== Exercise description ==
The whole listing should come back exactly as written, except for the pictures.

== Data below ==
↓↓↓
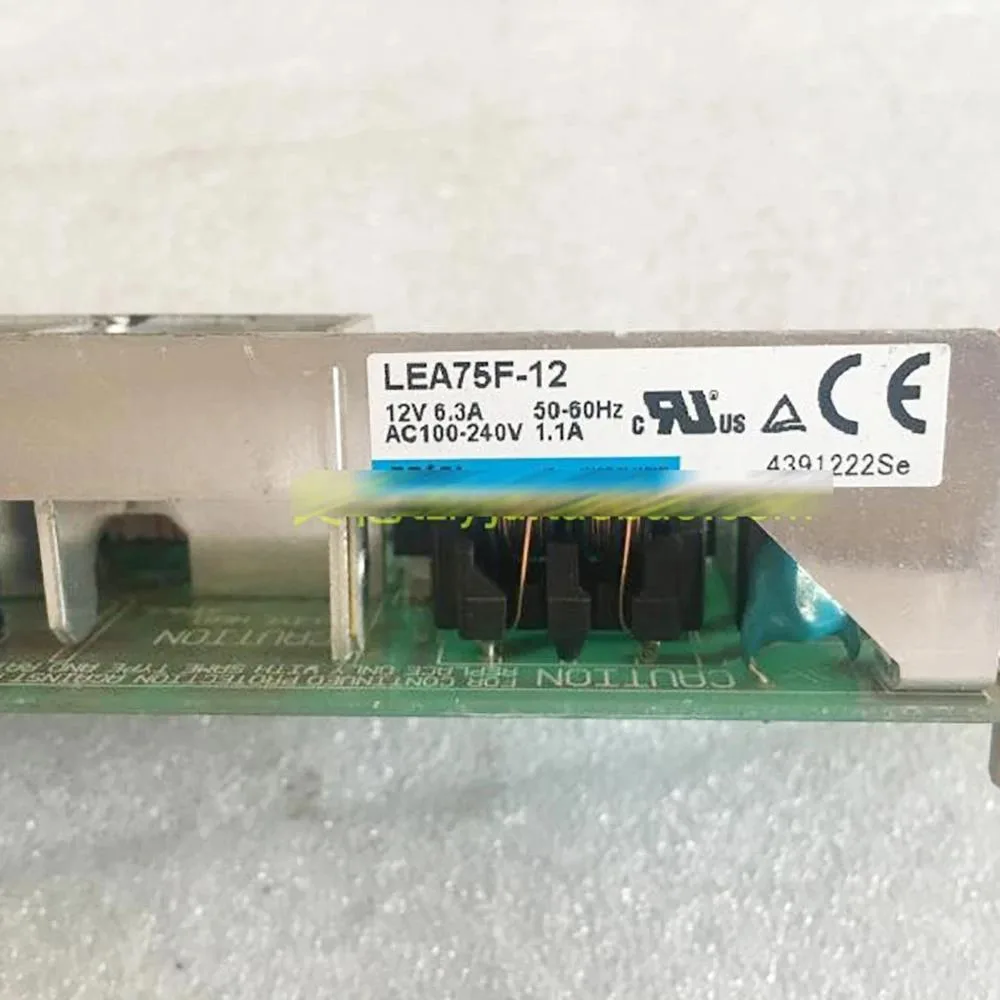 KHACHIMO KHACHIMO LEA75F-12 12V 6.3A 75W power supply — photo du produit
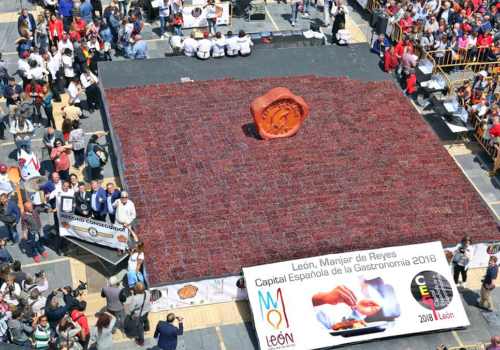 IGP Cecina de León, Cecina de León, World Guinness Record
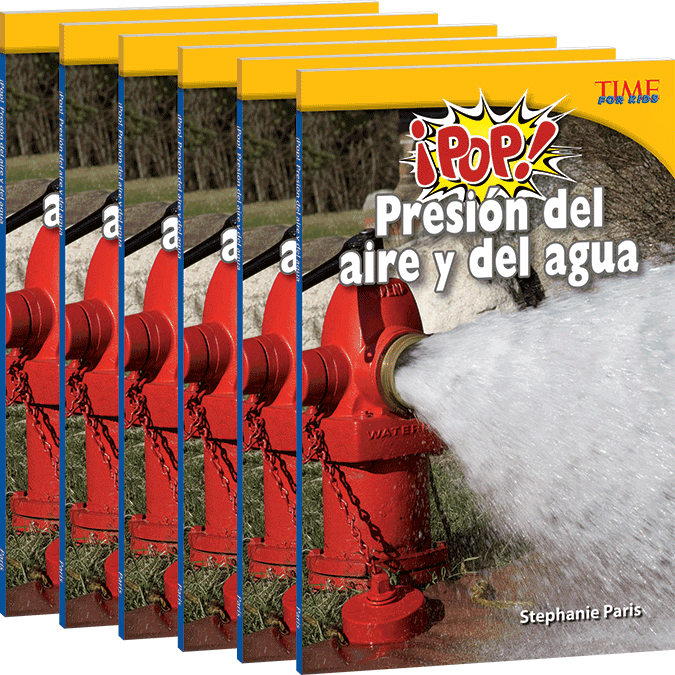 ¡Pop! Presión del aire y del agua 6-Pack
↑↑↑
== Solution for this task ==
 KHACHIMO KHACHIMO LEA75F-12 12V 6.3A 75W power supply — photo du produit
 IGP Cecina de León, Cecina de León, World Guinness Record
 ¡Pop! Presión del aire y del agua 6-Pack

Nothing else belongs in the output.